Users don’t feel ignored
The most common complaint from users is that they are ignored by IT. One problem is that some organizations assign projects based on estimated ROI (Return on Investment).
Small projects don’t normally show much ROI. However, completing a large number of small projects over the year really improves relations between the IT department and the user community.
I have found that ROI is unpredictable.
In one case, I badgered my manager for two weeks to let me work on one monthly report generated by hand by one person. Finally, I was allowed to work on it after 4:00 PM each day.
When complete, it highlighted to the group VP a pricing problem in one product line. When corrected, profits increased $2,000,000 the next year.
My first project out of college increased the company’s share of the entire market by 20%. I have had others that just made people’s lives easier but had no measurable ROI.
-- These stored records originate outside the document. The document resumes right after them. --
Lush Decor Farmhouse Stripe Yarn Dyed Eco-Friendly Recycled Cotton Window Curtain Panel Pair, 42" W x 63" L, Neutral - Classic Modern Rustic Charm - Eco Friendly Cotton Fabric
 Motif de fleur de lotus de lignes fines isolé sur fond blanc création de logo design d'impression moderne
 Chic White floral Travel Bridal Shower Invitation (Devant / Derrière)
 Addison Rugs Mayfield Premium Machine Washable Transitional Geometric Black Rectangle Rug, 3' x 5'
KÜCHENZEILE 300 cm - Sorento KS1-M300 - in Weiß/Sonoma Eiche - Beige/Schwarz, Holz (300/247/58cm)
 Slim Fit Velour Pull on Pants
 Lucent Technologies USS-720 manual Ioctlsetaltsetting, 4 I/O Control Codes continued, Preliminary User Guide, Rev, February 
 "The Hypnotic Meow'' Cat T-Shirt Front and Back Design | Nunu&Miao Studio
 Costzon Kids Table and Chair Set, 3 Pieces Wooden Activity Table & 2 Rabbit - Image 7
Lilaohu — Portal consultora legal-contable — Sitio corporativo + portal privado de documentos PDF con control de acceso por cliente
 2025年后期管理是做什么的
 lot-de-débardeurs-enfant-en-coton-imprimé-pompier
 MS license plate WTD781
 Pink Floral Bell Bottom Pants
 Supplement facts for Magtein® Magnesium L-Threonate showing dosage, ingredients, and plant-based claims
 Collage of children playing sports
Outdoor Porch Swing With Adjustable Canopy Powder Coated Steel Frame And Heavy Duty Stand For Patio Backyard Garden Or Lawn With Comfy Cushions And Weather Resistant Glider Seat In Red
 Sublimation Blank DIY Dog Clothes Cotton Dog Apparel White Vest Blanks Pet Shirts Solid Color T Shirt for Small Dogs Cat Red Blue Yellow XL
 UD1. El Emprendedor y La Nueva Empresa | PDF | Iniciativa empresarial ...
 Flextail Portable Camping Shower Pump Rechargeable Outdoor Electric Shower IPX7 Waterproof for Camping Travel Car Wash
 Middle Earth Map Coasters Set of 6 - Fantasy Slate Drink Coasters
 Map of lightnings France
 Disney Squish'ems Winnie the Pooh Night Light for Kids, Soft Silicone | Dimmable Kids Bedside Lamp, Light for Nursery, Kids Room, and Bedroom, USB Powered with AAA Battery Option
In my last position before retirement, I worked in a regional office of a publishing company. They used Excel spreadsheets to enter data into the database.
IT management did not consider Excel to be a professional development platform. There was no test environment!
While becoming familiar with the company during my first two weeks, I created my own small project to set up a test environment. Then, I added a toggle button to all of the workbooks.
When in the test environment, the button changed the heading banners and the upload button to red, pointed to the test database, and warned the reporters that they were in test mode when they saved their data.
Benefits of the new test environment:
- Users could test changes without damaging production data (expected benefit)
- I could copy a problem workbook to the test environment to fix problems during crunch time while the reporter continued working. Normally the reporter would stop work while the problem was being fixed (unforeseen benefit).
- Management used it for training new staff (unforeseen benefit)
Similar projects at other companies have increased our credibility, found millions of dollars in savings, helped immensely with union negotiations and got OSHA off of our back.
Although small projects may not be much in ROI, they can carry very high risks if they fail.
In my article, “Don’t YOU be the Cause of an IT Project Failure”, the companies lost tens of millions of dollars. In all three cases, IT management changed the original project goal and directly caused the project failure.
Frequently, a short term project can be implemented to solve part of a business problem, thus making user’s life easier while the mega project is being built. The users are usually grateful to get any help.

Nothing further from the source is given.